(Exercise objective): Exact copies of all the entries below are expected in the answer.

Short descriptive text snippets:
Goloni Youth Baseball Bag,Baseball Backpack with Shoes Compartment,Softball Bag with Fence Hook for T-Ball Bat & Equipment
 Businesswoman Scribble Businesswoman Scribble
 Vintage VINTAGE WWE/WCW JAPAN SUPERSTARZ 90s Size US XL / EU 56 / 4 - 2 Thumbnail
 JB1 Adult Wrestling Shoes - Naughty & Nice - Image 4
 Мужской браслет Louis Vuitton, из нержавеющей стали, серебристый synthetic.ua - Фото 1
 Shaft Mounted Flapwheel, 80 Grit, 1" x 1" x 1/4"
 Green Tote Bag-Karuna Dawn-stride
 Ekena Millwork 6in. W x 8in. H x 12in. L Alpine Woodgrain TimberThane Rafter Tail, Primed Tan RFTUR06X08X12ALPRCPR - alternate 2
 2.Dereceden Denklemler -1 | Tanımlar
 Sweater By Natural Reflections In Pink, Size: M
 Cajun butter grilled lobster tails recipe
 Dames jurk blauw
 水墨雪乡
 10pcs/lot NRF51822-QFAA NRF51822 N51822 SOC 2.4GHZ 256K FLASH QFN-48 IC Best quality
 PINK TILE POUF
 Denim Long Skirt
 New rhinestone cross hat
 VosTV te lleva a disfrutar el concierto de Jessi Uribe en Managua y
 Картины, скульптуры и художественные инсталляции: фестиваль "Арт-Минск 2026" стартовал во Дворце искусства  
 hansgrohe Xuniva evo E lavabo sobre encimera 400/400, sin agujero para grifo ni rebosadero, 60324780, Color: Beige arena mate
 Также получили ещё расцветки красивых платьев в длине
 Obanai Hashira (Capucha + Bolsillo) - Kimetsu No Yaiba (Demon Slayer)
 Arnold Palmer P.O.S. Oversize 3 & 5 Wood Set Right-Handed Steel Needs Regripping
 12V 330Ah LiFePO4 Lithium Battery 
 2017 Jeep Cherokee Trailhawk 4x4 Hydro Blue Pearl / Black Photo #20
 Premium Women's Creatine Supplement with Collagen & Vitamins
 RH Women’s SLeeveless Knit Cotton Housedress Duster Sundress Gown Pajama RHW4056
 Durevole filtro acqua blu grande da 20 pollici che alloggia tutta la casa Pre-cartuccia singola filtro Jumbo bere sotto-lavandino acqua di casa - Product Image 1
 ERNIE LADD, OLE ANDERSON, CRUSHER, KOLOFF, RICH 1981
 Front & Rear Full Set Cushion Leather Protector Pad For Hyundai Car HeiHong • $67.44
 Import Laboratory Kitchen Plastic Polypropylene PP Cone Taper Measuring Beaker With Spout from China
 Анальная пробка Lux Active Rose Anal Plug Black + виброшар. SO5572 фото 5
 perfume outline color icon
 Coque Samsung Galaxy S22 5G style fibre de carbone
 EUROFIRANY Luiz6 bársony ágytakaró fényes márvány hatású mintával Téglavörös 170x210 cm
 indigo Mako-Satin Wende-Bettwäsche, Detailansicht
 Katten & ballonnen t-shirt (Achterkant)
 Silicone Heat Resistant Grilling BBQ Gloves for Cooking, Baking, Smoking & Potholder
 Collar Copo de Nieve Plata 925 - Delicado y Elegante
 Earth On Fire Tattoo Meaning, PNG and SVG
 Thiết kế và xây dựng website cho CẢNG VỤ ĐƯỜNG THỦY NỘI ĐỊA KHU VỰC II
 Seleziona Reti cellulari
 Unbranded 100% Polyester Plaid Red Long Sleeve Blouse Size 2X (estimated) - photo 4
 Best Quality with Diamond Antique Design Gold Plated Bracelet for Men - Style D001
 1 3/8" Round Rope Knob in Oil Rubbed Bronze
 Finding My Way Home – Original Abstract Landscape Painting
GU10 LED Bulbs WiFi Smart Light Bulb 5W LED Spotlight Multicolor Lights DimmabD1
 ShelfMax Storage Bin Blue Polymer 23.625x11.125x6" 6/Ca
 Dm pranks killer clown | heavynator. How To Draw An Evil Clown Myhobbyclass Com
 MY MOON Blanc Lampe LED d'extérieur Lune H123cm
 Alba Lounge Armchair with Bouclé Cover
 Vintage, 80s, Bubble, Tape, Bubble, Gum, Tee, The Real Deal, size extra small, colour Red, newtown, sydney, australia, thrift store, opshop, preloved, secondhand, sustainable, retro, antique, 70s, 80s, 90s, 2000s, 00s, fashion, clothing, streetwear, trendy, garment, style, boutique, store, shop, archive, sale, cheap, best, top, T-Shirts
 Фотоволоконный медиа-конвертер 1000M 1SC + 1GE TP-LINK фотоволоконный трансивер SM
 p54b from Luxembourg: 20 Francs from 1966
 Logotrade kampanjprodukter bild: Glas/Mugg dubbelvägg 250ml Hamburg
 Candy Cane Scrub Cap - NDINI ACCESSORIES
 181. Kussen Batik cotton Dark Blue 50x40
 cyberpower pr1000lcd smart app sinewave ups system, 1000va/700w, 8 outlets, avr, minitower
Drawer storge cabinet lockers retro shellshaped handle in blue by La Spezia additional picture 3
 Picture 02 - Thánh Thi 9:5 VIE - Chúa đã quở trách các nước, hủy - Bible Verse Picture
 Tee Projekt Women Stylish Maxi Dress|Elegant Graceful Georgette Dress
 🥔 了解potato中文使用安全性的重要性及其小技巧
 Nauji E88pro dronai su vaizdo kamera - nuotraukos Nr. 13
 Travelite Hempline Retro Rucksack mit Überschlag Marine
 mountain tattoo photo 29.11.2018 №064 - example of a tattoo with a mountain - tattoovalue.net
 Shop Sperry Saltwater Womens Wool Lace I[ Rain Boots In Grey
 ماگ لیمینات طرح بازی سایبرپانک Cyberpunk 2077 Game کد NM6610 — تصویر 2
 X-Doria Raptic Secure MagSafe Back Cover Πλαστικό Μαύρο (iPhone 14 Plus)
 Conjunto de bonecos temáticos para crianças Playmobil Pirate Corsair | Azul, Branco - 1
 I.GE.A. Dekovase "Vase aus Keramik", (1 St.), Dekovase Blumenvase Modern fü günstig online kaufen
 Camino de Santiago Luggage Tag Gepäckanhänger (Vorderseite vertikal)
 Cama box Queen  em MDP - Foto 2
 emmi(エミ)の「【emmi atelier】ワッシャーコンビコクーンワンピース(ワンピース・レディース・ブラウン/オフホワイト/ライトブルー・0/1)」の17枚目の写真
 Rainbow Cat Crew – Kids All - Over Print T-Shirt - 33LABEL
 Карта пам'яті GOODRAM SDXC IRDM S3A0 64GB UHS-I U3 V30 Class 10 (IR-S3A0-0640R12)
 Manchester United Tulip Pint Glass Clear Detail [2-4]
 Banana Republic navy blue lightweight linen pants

(Task solution):
Goloni Youth Baseball Bag,Baseball Backpack with Shoes Compartment,Softball Bag with Fence Hook for T-Ball Bat & Equipment
 Businesswoman Scribble Businesswoman Scribble
 Vintage VINTAGE WWE/WCW JAPAN SUPERSTARZ 90s Size US XL / EU 56 / 4 - 2 Thumbnail
 JB1 Adult Wrestling Shoes - Naughty & Nice - Image 4
 Мужской браслет Louis Vuitton, из нержавеющей стали, серебристый synthetic.ua - Фото 1
 Shaft Mounted Flapwheel, 80 Grit, 1" x 1" x 1/4"
 Green Tote Bag-Karuna Dawn-stride
 Ekena Millwork 6in. W x 8in. H x 12in. L Alpine Woodgrain TimberThane Rafter Tail, Primed Tan RFTUR06X08X12ALPRCPR - alternate 2
 2.Dereceden Denklemler -1 | Tanımlar
 Sweater By Natural Reflections In Pink, Size: M
 Cajun butter grilled lobster tails recipe
 Dames jurk blauw
 水墨雪乡
 10pcs/lot NRF51822-QFAA NRF51822 N51822 SOC 2.4GHZ 256K FLASH QFN-48 IC Best quality
 PINK TILE POUF
 Denim Long Skirt
 New rhinestone cross hat
 VosTV te lleva a disfrutar el concierto de Jessi Uribe en Managua y
 Картины, скульптуры и художественные инсталляции: фестиваль "Арт-Минск 2026" стартовал во Дворце искусства  
 hansgrohe Xuniva evo E lavabo sobre encimera 400/400, sin agujero para grifo ni rebosadero, 60324780, Color: Beige arena mate
 Также получили ещё расцветки красивых платьев в длине
 Obanai Hashira (Capucha + Bolsillo) - Kimetsu No Yaiba (Demon Slayer)
 Arnold Palmer P.O.S. Oversize 3 & 5 Wood Set Right-Handed Steel Needs Regripping
 12V 330Ah LiFePO4 Lithium Battery 
 2017 Jeep Cherokee Trailhawk 4x4 Hydro Blue Pearl / Black Photo #20
 Premium Women's Creatine Supplement with Collagen & Vitamins
 RH Women’s SLeeveless Knit Cotton Housedress Duster Sundress Gown Pajama RHW4056
 Durevole filtro acqua blu grande da 20 pollici che alloggia tutta la casa Pre-cartuccia singola filtro Jumbo bere sotto-lavandino acqua di casa - Product Image 1
 ERNIE LADD, OLE ANDERSON, CRUSHER, KOLOFF, RICH 1981
 Front & Rear Full Set Cushion Leather Protector Pad For Hyundai Car HeiHong • $67.44
 Import Laboratory Kitchen Plastic Polypropylene PP Cone Taper Measuring Beaker With Spout from China
 Анальная пробка Lux Active Rose Anal Plug Black + виброшар. SO5572 фото 5
 perfume outline color icon
 Coque Samsung Galaxy S22 5G style fibre de carbone
 EUROFIRANY Luiz6 bársony ágytakaró fényes márvány hatású mintával Téglavörös 170x210 cm
 indigo Mako-Satin Wende-Bettwäsche, Detailansicht
 Katten & ballonnen t-shirt (Achterkant)
 Silicone Heat Resistant Grilling BBQ Gloves for Cooking, Baking, Smoking & Potholder
 Collar Copo de Nieve Plata 925 - Delicado y Elegante
 Earth On Fire Tattoo Meaning, PNG and SVG
 Thiết kế và xây dựng website cho CẢNG VỤ ĐƯỜNG THỦY NỘI ĐỊA KHU VỰC II
 Seleziona Reti cellulari
 Unbranded 100% Polyester Plaid Red Long Sleeve Blouse Size 2X (estimated) - photo 4
 Best Quality with Diamond Antique Design Gold Plated Bracelet for Men - Style D001
 1 3/8" Round Rope Knob in Oil Rubbed Bronze
 Finding My Way Home – Original Abstract Landscape Painting
GU10 LED Bulbs WiFi Smart Light Bulb 5W LED Spotlight Multicolor Lights DimmabD1
 ShelfMax Storage Bin Blue Polymer 23.625x11.125x6" 6/Ca
 Dm pranks killer clown | heavynator. How To Draw An Evil Clown Myhobbyclass Com
 MY MOON Blanc Lampe LED d'extérieur Lune H123cm
 Alba Lounge Armchair with Bouclé Cover
 Vintage, 80s, Bubble, Tape, Bubble, Gum, Tee, The Real Deal, size extra small, colour Red, newtown, sydney, australia, thrift store, opshop, preloved, secondhand, sustainable, retro, antique, 70s, 80s, 90s, 2000s, 00s, fashion, clothing, streetwear, trendy, garment, style, boutique, store, shop, archive, sale, cheap, best, top, T-Shirts
 Фотоволоконный медиа-конвертер 1000M 1SC + 1GE TP-LINK фотоволоконный трансивер SM
 p54b from Luxembourg: 20 Francs from 1966
 Logotrade kampanjprodukter bild: Glas/Mugg dubbelvägg 250ml Hamburg
 Candy Cane Scrub Cap - NDINI ACCESSORIES
 181. Kussen Batik cotton Dark Blue 50x40
 cyberpower pr1000lcd smart app sinewave ups system, 1000va/700w, 8 outlets, avr, minitower
Drawer storge cabinet lockers retro shellshaped handle in blue by La Spezia additional picture 3
 Picture 02 - Thánh Thi 9:5 VIE - Chúa đã quở trách các nước, hủy - Bible Verse Picture
 Tee Projekt Women Stylish Maxi Dress|Elegant Graceful Georgette Dress
 🥔 了解potato中文使用安全性的重要性及其小技巧
 Nauji E88pro dronai su vaizdo kamera - nuotraukos Nr. 13
 Travelite Hempline Retro Rucksack mit Überschlag Marine
 mountain tattoo photo 29.11.2018 №064 - example of a tattoo with a mountain - tattoovalue.net
 Shop Sperry Saltwater Womens Wool Lace I[ Rain Boots In Grey
 ماگ لیمینات طرح بازی سایبرپانک Cyberpunk 2077 Game کد NM6610 — تصویر 2
 X-Doria Raptic Secure MagSafe Back Cover Πλαστικό Μαύρο (iPhone 14 Plus)
 Conjunto de bonecos temáticos para crianças Playmobil Pirate Corsair | Azul, Branco - 1
 I.GE.A. Dekovase "Vase aus Keramik", (1 St.), Dekovase Blumenvase Modern fü günstig online kaufen
 Camino de Santiago Luggage Tag Gepäckanhänger (Vorderseite vertikal)
 Cama box Queen  em MDP - Foto 2
 emmi(エミ)の「【emmi atelier】ワッシャーコンビコクーンワンピース(ワンピース・レディース・ブラウン/オフホワイト/ライトブルー・0/1)」の17枚目の写真
 Rainbow Cat Crew – Kids All - Over Print T-Shirt - 33LABEL
 Карта пам'яті GOODRAM SDXC IRDM S3A0 64GB UHS-I U3 V30 Class 10 (IR-S3A0-0640R12)
 Manchester United Tulip Pint Glass Clear Detail [2-4]
 Banana Republic navy blue lightweight linen pants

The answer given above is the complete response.